__ABOUT THIS EXERCISE__. I'd like the entries repeated exactly, pictures omitted.

__Spatial localization data__.
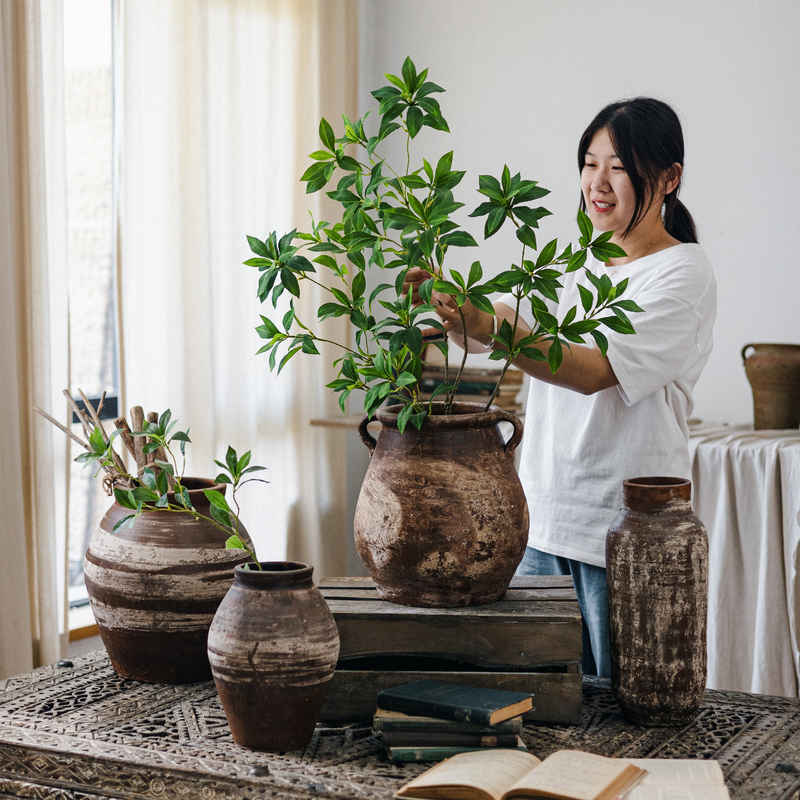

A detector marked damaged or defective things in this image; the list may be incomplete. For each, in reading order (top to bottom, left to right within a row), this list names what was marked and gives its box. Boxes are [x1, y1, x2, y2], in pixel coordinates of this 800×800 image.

chipped white paint on pot [83, 478, 248, 684]
chipped white paint on pot [208, 564, 340, 752]
chipped white paint on pot [354, 400, 528, 608]
chipped white paint on pot [604, 478, 708, 728]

__ANSWER AREA__.
A detector marked damaged or defective things in this image; the list may be incomplete. For each, in reading order (top to bottom, left to right within a row), this list names what was marked and gives its box. Boxes are [x1, y1, x2, y2], in pixel coordinates of this 800×800 image.

chipped white paint on pot [83, 478, 248, 684]
chipped white paint on pot [208, 564, 340, 752]
chipped white paint on pot [354, 400, 528, 608]
chipped white paint on pot [604, 478, 708, 728]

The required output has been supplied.